Input data
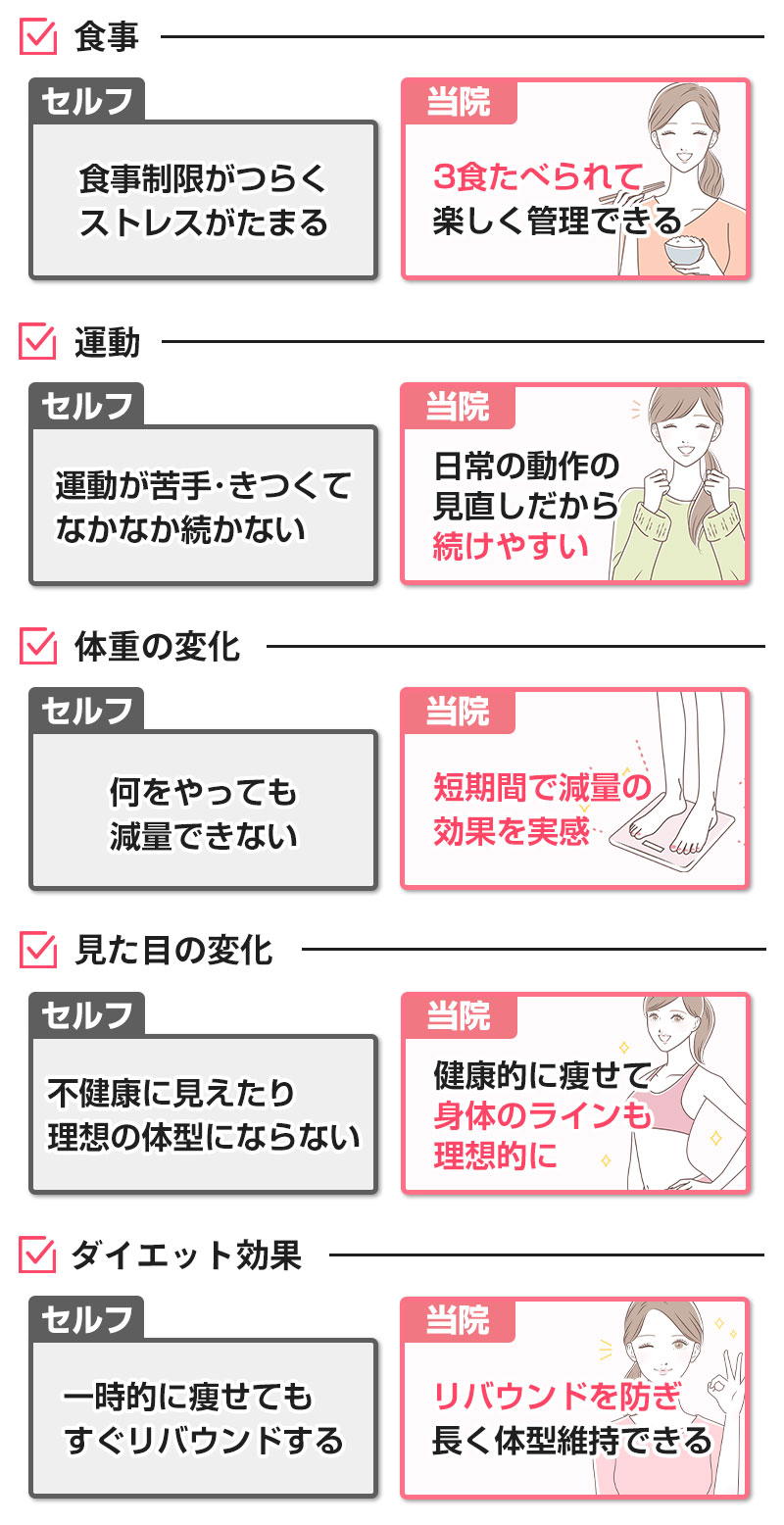ダイエット比較表
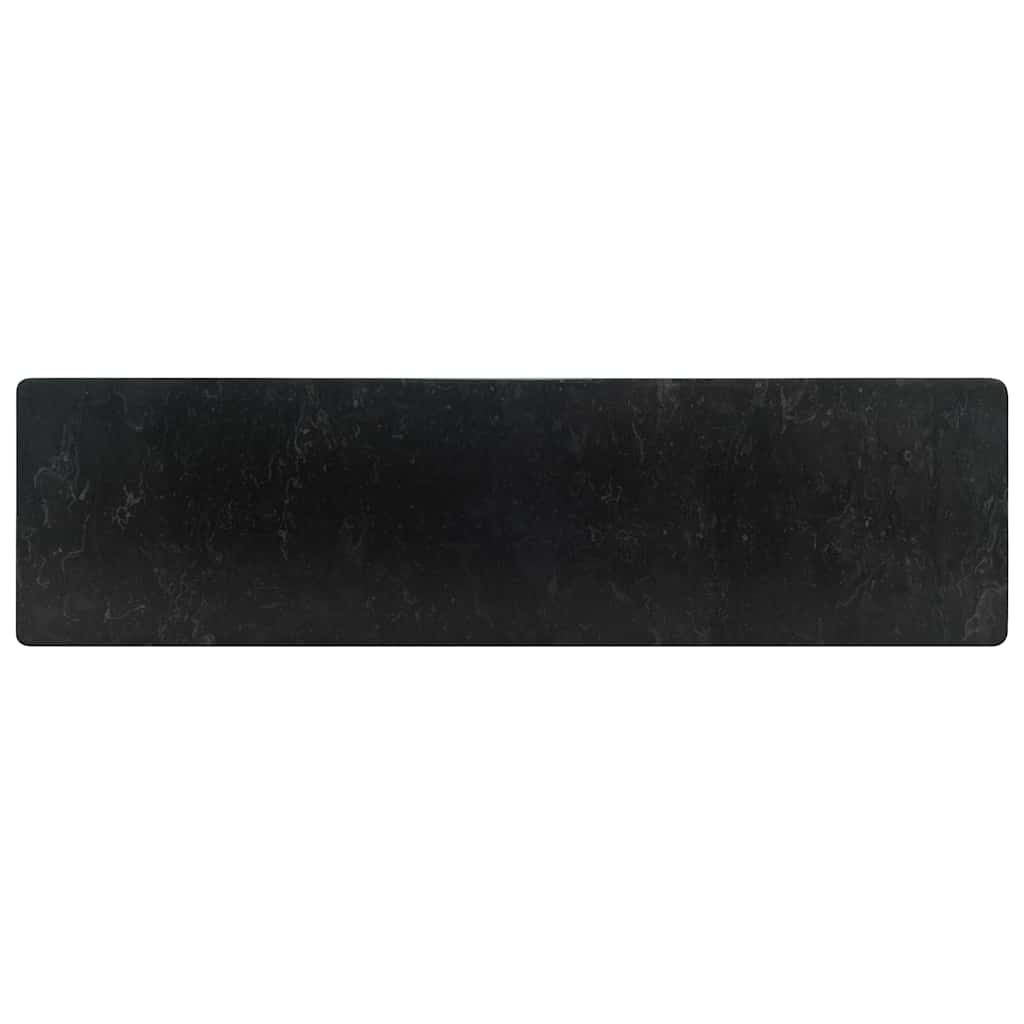 Lavello 45x30x12 cm Marmo Lucido Nero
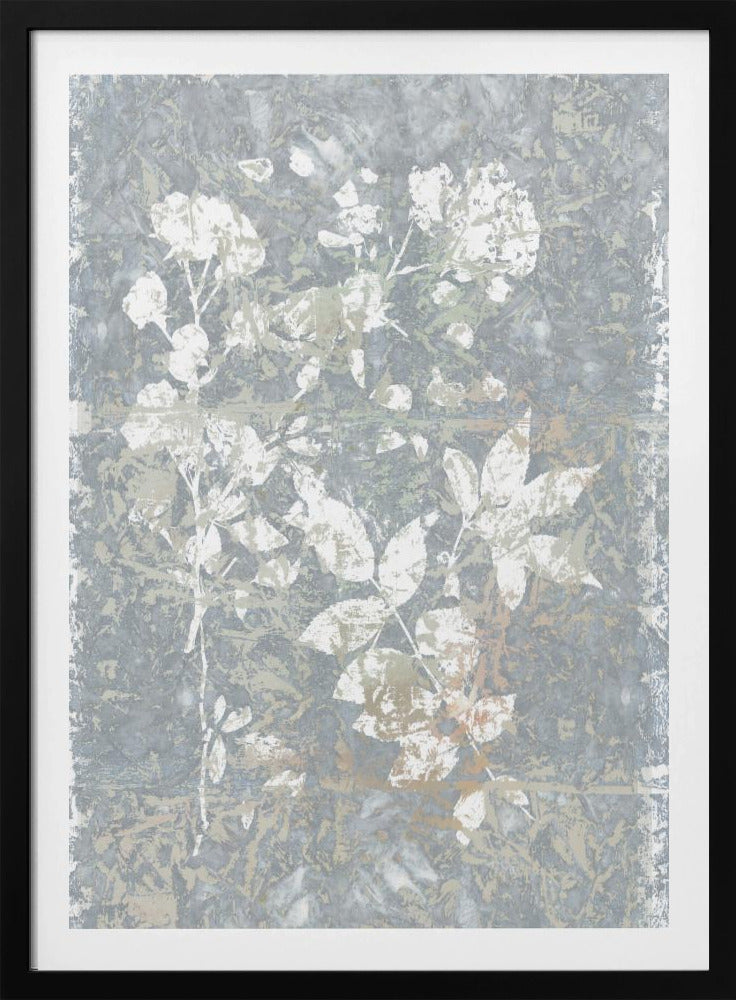 Botanische witte textuur bloemen 2 | Poster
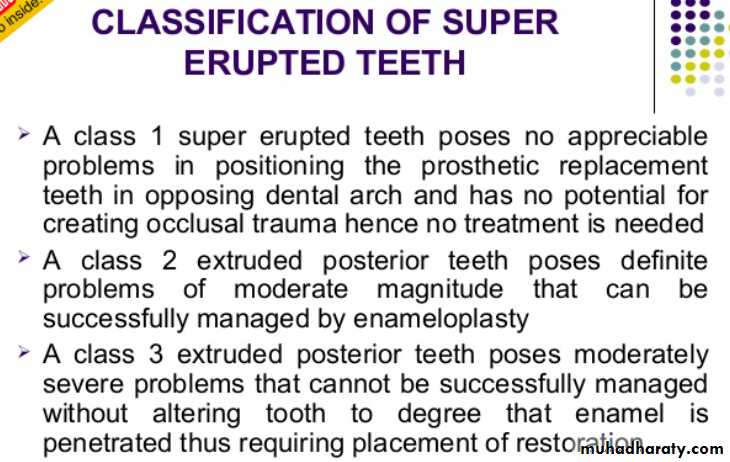mouth preparation for removable partial denture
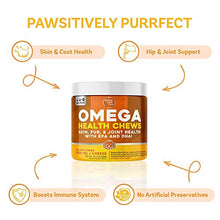 Load image into Gallery viewer, Ready Pet Go! Omega 3 &amp; Allergy Chews for Dogs | Probiotics &amp; Allergy Immune Supplements for Itch &amp; Allergy Relief | Fish Oil for Dog Shedding, Skin Allergy, Itch Relief | 90 Chews Each
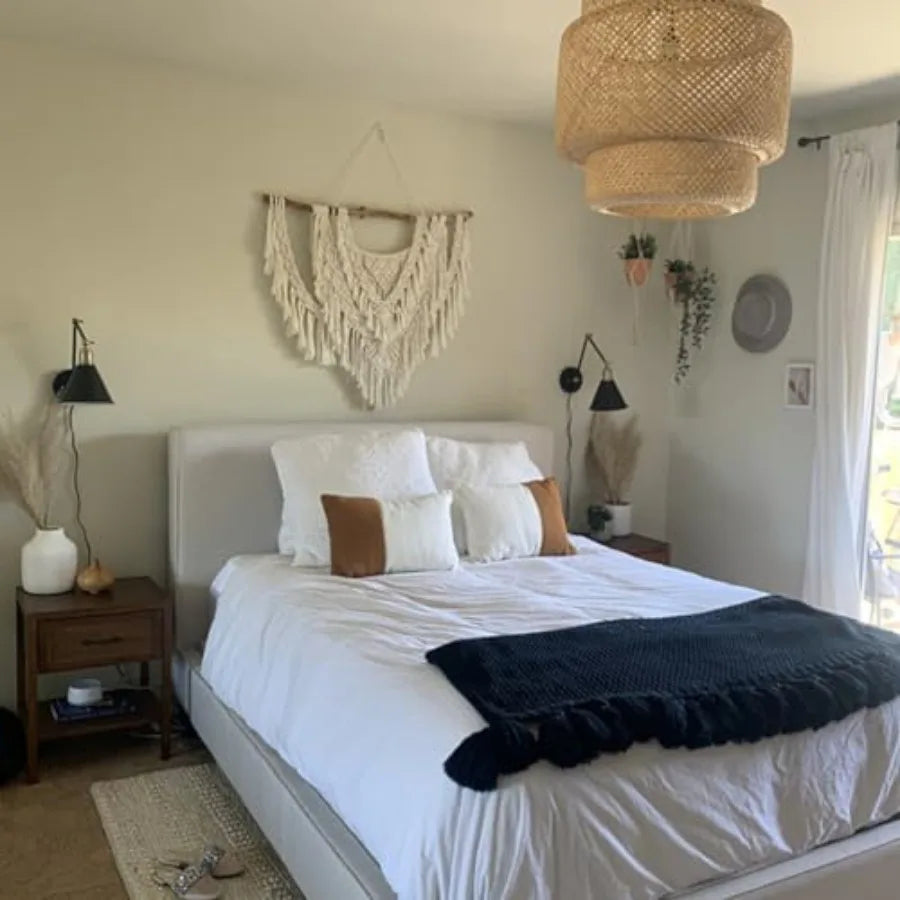 Large Macrame Wall Hanging Natural Driftwood  Boho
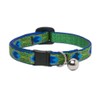 LupinePet Originals 1/2" Tail Feathers Cat Safety Collar with Bell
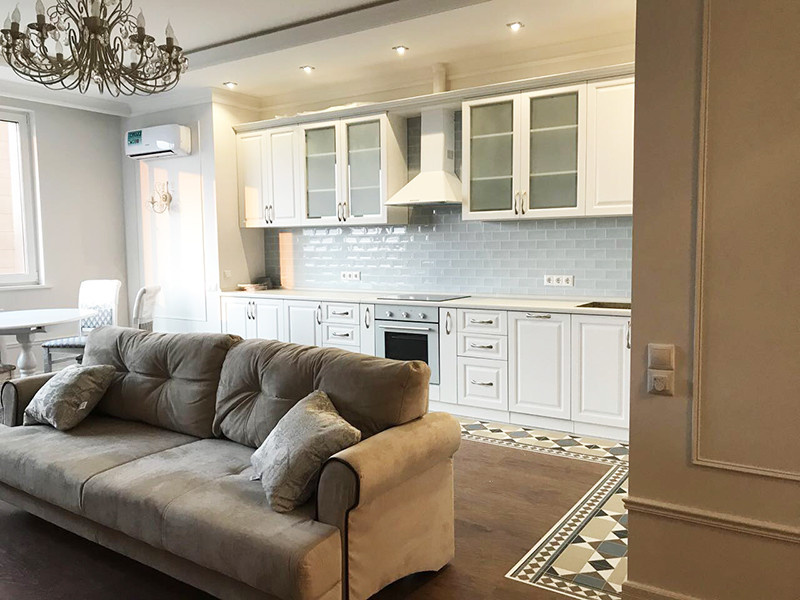 Изысканный интерьер в прохладной цветовой гамме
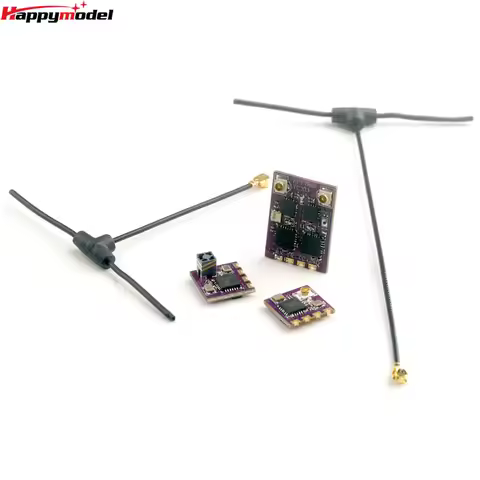HappyModel 2.4G ELRS EP1 EP2 EP1 DUAL TCXO True Diversity Receiver with RF Amps for FPV Freestyle Lo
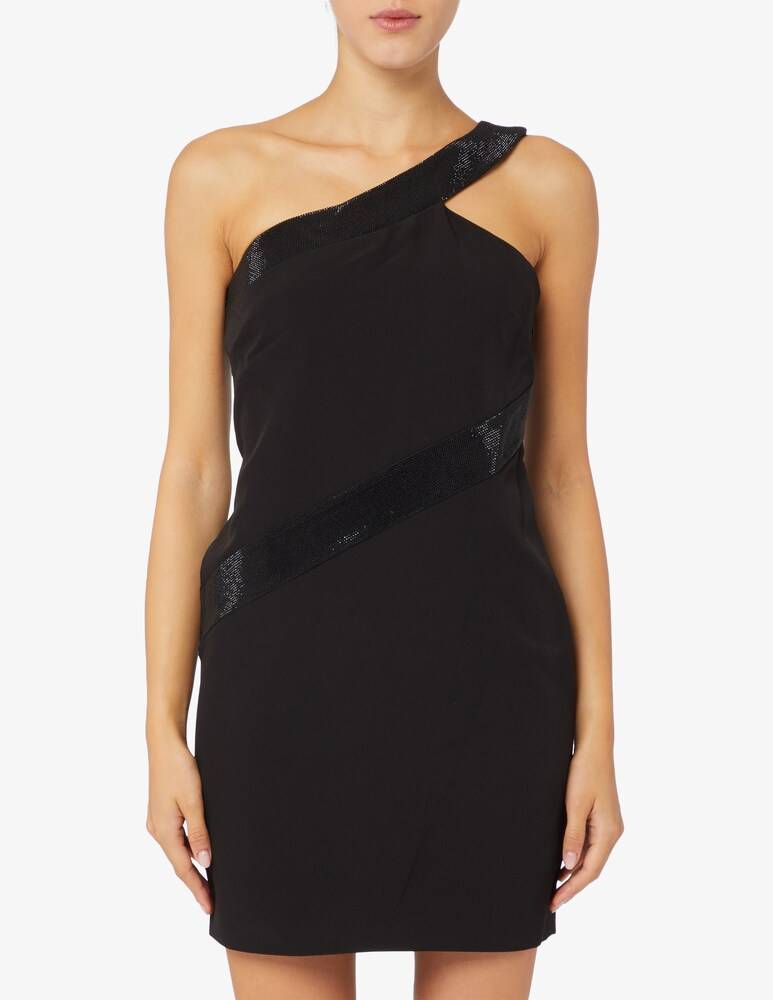 HALSTON Abito mini Auriel in stretch
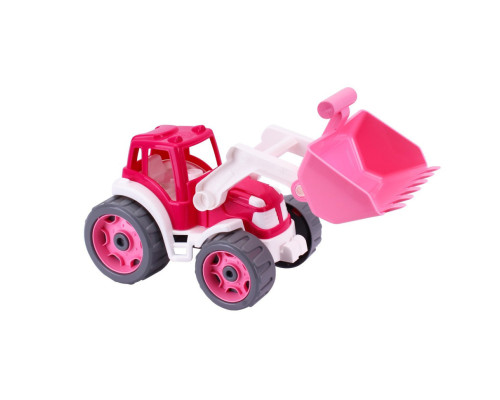 Детская игрушка Трактор 8195TXK с ковшом, розовый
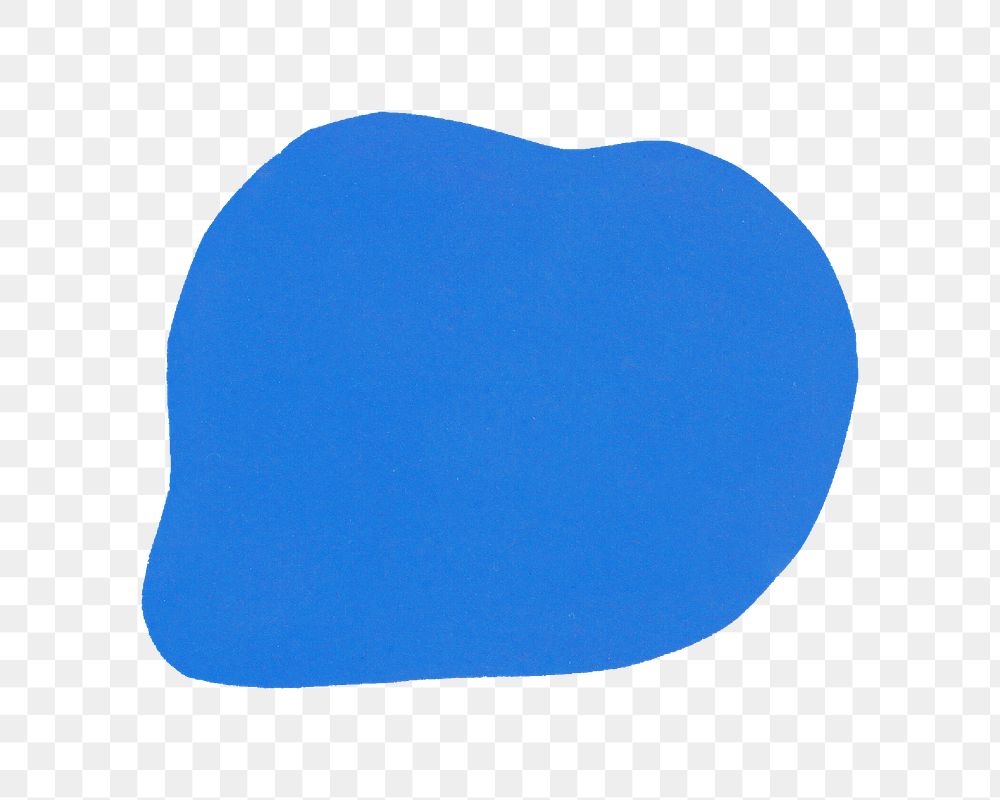 Blue blob shape png, transparent background. Remixed by rawpixel.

What is needed
Beginning with the line that holds "Collar with Bell", output each line to the end of the material above, exactly, omitting the pictures.

Reply
 LupinePet Originals 1/2" Tail Feathers Cat Safety Collar with Bell
 Изысканный интерьер в прохладной цветовой гамме
HappyModel 2.4G ELRS EP1 EP2 EP1 DUAL TCXO True Diversity Receiver with RF Amps for FPV Freestyle Lo
 HALSTON Abito mini Auriel in stretch
 Детская игрушка Трактор 8195TXK с ковшом, розовый
 Blue blob shape png, transparent background. Remixed by rawpixel.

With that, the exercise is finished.